#### WORK TO COMPLETE:
Count how many lines below include the string "Like", and give that number without anything else.
====== PROVIDED RECORDS
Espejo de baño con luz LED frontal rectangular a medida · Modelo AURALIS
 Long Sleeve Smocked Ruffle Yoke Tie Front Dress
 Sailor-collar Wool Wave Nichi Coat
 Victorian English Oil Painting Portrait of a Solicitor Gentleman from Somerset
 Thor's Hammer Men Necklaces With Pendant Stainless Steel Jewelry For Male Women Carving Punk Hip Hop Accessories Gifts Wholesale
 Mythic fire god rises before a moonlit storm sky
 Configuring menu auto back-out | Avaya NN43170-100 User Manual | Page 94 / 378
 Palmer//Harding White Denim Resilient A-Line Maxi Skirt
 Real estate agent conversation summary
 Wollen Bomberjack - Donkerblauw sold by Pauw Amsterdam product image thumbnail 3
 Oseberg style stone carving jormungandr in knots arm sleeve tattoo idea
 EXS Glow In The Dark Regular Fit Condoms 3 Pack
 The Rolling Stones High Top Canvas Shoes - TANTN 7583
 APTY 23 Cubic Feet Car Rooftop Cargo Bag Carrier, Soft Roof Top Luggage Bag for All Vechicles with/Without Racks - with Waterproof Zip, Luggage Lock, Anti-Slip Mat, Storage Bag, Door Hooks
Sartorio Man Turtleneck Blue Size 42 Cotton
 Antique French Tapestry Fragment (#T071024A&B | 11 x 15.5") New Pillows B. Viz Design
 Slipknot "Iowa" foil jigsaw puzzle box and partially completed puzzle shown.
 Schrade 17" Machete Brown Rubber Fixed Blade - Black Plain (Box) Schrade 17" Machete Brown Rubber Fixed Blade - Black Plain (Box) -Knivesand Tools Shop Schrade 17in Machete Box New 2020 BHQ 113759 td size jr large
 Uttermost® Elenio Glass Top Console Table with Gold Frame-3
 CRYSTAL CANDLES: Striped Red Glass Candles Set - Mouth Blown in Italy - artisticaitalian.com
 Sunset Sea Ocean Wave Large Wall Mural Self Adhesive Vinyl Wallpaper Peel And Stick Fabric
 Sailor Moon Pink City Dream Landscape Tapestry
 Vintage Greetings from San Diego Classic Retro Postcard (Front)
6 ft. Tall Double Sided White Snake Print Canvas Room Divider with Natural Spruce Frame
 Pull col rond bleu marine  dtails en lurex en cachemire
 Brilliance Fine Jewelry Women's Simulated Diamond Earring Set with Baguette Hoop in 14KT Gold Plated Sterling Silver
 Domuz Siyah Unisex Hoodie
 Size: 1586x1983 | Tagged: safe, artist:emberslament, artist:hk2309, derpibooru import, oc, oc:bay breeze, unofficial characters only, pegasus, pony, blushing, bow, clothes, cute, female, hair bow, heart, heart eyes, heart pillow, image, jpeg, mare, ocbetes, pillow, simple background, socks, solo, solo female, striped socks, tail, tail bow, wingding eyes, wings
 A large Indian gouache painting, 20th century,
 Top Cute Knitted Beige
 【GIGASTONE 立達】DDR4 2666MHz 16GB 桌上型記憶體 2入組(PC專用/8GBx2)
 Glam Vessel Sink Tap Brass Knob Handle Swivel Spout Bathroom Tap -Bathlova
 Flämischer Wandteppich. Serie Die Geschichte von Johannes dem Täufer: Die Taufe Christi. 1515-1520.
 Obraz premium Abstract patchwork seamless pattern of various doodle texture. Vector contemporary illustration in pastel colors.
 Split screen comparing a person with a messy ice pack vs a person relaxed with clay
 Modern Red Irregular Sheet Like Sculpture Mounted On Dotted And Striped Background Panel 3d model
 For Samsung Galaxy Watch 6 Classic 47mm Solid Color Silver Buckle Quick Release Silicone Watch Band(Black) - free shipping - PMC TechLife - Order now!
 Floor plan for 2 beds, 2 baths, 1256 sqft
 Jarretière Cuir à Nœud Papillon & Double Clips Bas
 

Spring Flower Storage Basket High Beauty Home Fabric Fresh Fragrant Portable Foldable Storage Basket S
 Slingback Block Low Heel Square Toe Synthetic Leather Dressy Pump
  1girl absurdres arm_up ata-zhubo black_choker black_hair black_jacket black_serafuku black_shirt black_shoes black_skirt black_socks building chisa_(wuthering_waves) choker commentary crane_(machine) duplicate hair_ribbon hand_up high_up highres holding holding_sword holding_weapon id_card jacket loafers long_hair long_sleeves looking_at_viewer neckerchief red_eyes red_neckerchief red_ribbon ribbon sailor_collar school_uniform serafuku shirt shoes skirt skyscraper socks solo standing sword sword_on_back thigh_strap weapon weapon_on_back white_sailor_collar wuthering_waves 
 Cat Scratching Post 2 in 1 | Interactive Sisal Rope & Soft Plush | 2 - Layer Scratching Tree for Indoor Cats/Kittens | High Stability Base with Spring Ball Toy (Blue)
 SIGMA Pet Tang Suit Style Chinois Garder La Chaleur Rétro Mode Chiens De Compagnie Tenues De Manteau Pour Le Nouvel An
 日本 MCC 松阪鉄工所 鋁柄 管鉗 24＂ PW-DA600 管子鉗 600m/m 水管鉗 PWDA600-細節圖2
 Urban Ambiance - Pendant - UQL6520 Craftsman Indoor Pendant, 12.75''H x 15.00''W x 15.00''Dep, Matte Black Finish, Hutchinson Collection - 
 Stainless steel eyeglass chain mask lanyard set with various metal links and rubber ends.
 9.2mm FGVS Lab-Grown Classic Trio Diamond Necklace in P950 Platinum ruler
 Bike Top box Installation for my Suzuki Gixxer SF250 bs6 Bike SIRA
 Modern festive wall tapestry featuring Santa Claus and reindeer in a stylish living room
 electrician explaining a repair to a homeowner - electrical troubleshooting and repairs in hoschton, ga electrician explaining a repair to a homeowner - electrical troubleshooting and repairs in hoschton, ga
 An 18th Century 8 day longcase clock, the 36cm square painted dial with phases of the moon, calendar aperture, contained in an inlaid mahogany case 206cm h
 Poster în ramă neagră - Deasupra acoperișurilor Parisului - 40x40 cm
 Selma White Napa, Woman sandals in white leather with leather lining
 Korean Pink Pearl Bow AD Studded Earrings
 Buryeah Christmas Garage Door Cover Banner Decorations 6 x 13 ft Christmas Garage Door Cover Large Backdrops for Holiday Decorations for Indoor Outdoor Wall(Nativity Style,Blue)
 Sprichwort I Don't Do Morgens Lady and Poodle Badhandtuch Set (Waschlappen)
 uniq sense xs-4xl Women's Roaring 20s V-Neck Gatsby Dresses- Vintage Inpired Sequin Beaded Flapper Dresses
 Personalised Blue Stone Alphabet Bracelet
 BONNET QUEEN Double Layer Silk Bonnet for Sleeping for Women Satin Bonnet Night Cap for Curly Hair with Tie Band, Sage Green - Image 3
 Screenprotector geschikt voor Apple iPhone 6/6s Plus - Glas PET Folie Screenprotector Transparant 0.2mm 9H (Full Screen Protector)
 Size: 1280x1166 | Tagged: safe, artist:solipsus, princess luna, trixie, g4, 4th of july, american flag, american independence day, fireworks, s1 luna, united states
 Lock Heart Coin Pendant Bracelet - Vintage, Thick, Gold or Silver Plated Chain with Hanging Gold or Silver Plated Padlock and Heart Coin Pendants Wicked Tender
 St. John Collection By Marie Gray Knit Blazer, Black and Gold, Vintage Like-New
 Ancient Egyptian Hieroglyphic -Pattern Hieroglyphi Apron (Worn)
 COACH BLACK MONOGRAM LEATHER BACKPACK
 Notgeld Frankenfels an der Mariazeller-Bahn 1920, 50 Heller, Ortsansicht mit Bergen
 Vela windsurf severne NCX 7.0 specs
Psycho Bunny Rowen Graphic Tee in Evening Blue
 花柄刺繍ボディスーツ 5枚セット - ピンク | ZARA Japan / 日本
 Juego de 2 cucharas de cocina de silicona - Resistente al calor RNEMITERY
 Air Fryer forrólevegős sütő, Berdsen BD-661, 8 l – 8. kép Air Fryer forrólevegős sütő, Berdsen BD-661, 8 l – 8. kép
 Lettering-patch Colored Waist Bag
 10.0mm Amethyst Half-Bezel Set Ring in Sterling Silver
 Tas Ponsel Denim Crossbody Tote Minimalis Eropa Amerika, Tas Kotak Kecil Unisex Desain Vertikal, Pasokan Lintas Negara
============
#### EXERCISE RESULT:
2